Most types of questions on Programmers may not have an objectively correct answer that works for all situations, but they are still okay here because:

  • Some answers are better than others, and that means voting can still work as it was intended. Even though they are based on subjective experiences, people can evaluate two answers and determine one is better than the other for the situation presented in the question.
  • To the first point, good answers have something backing them up. A convincing story, some data, an argument, etc. Bad answers just state an opinion or what you should do with no reasons for believing it to be the right course of action.
  • The question asker can evaluate all of the answers and decide that one answer best solves the problem they have presented in their question, allowing them to mark one answer as "accepted".

In your case, you're looking for advice and not necessarily the "one true way", but you can still tell good advice from bad and evaluate answers based on that.

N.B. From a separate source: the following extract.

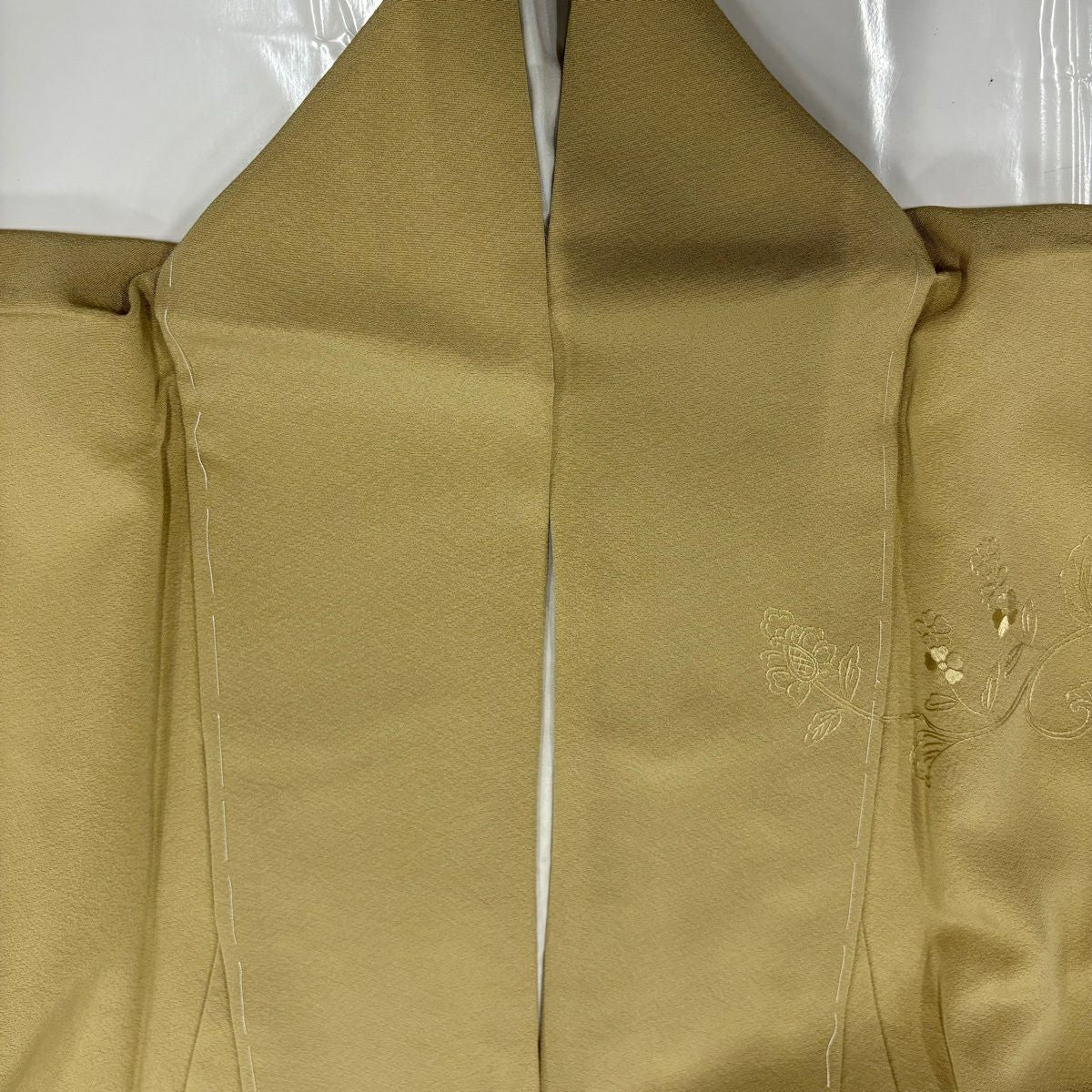 【美品】 付下 身長152.5cm 袖長63.5cm S 雙層 華紋 花唐草紋 刺繡 金糸 米色 純蠶絲 優品級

One major problem we have here on this site is that certain people focus too much on how the question was asked instead of what the question is asking. To avoid your question getting closed by those people, try to avoid asking your question in a "soft" or "welcoming" way and instead ask it in an authoritative way:

  • Bad: "What are your experiences with X problem?"
  • Bad: "How would you approach X problem?"
  • Okay: "How can I solve X problem?"
  • Better: "What's the correct approach to solving X problem?"

You'll get exactly the same types of answers: answers based on the subjective experience and expertise of the answerers, and you've essentially asked the same thing, but you won't attract the ire of the people who reach for the close button before they reach for the edit button.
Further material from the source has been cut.